Don’t get me wrong, the capital of Ecuador is not a bad city, in fact we’ve grown rather found of it. It’s just that we’ve been here too long – too long trying to line up air transport for the bikes to Panama. And it hasn’t been easy, things are not straightforward here in Ecuador and not eveyone is as efficient, up front and reliable as you would like. Some definitely are – like the superstar Patricia Williams that we took on as a translator to help us through the mire of officialdom that envelops import/export here. but Patricia proved to be much more than a translator – she is very muh a ‘go to’ lady just to make things happen. She can quickly separate the local bullshit artists from the real people and save you one hell of a lot of hassle. We suggest to anyone visiting this city wanting to get stuff done – Patricia is your lady. we won’t print her email here but contact us if you want to make stuff happen in quito.
Anyway this town is actually two towns – the old and the new – and we’ve had the opportunity to have a few days in each. The old is what you might expect of a colonial Spanish South American relic – well worth some time with its churches, museums and interesting history. But the new town, especially the area around the Foch Plaza where we’ve been hanging out of late, is lot’s of fun. Piles of very good quality but not expensive restaraunts, a very lively club and bar scene and don’t be put off by the police and security guards that walk through the crowds clinging to their machine guns. They’re just there to keep it ordely and protect the takings at the casino. Seriously though, the scne here at The Foch is a lively snippet of the downtown nightlife of Sao Paulo or New Orleans or London.
Our bikes have left this morning – gone via the Perishables section of the airport’s freight terminal, aloft if you like as cut flowers bound for Panama. We were having no end of trouble with one import/export agent Sebastian of Kuehne & Nagel who was evasive, misleaing and just downright so unreliable we thought we were never going to get these bikes out of Ecuador. Honestly after heaps of preparation he still had us looking at spending another week in Quito twiddling our thumbs as he strung us along . And meanwhile he kept ramping the price up – up to $4500 US for a 1 hour flight for the bikes at last count.
And then along came Patricia with an alternate solution that saw our bikes airbourne within 12 hours and at a price of $700 per bike. An angel.

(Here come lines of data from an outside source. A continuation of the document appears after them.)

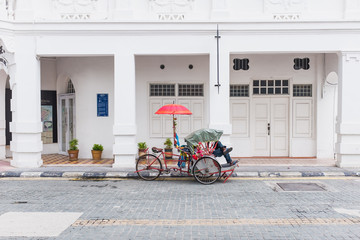 Tricycle parking infront of ancient building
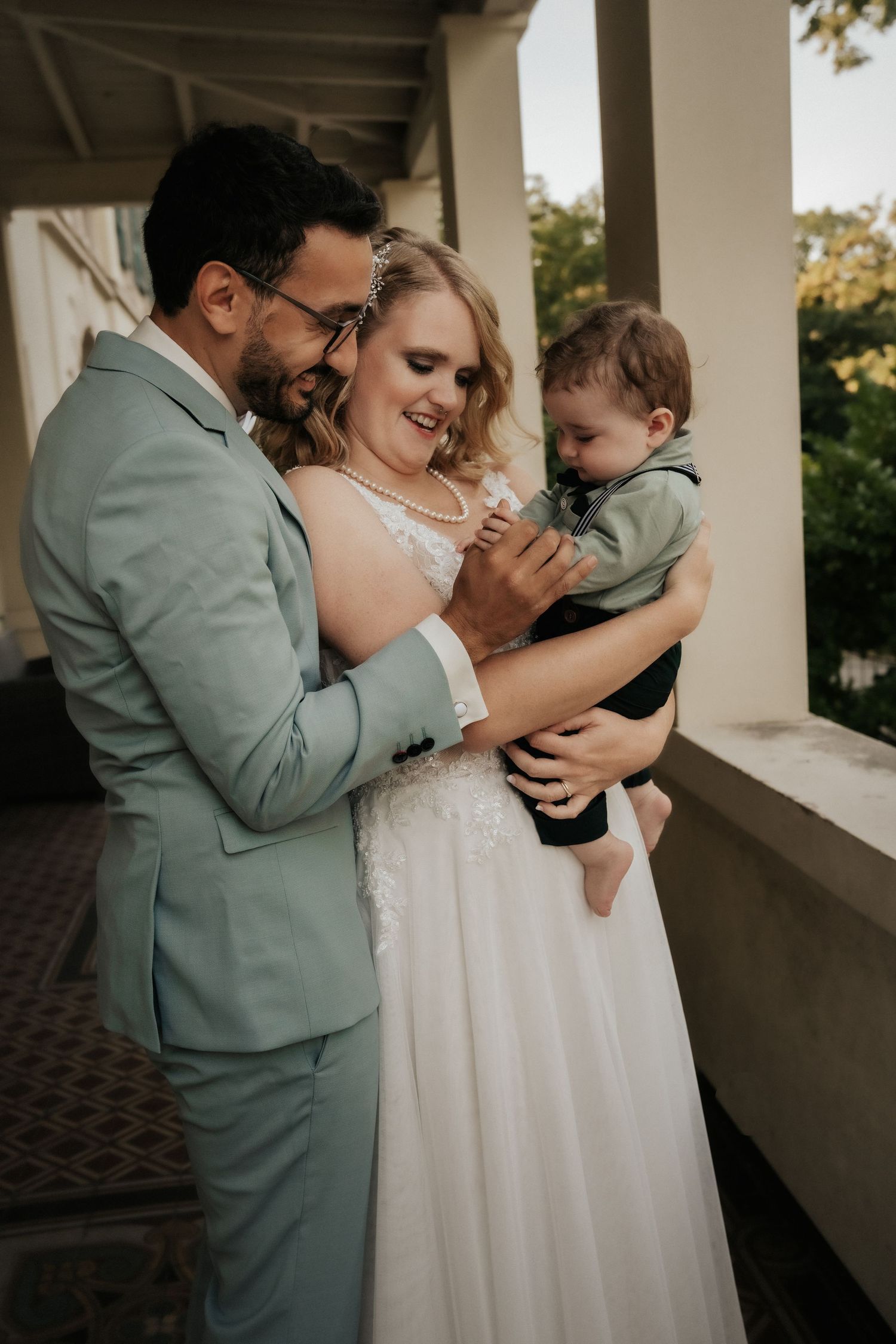 Wedding couple in formal attire share moment with young child on covered porch.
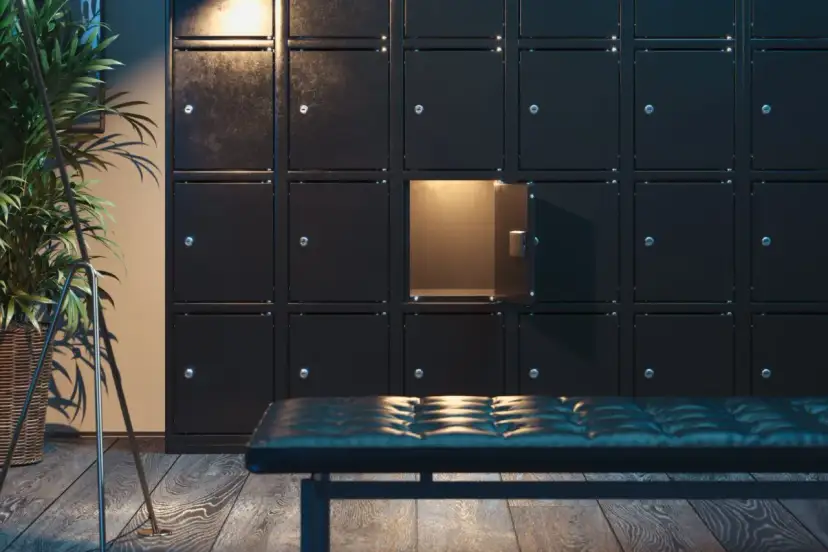 Rząd czarnych szafek, jedna otwarta, oświetlona od środka. Obok ławka i roślina. Kto to deponent?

Ecuador’s citizens have an income one quarter that of Kiwis. It’s not as though the country is resource poor either. It is simply that there are too many people here like Sebastian who have no interest whatsoever in serving the customer, whose firm simply screws every last cent out of every deal. How do they survive? Because a highly protected and uncompetitve cabal of businesses cluster around every node where State controls (in this case Customs) influence the economy. The political regimes survive in large part by protecting the livelihoods of those who support them – army and police being the most obvious. But that corruption is endemic across all State departments. So long as that persists incomes in these types of countries will stay low.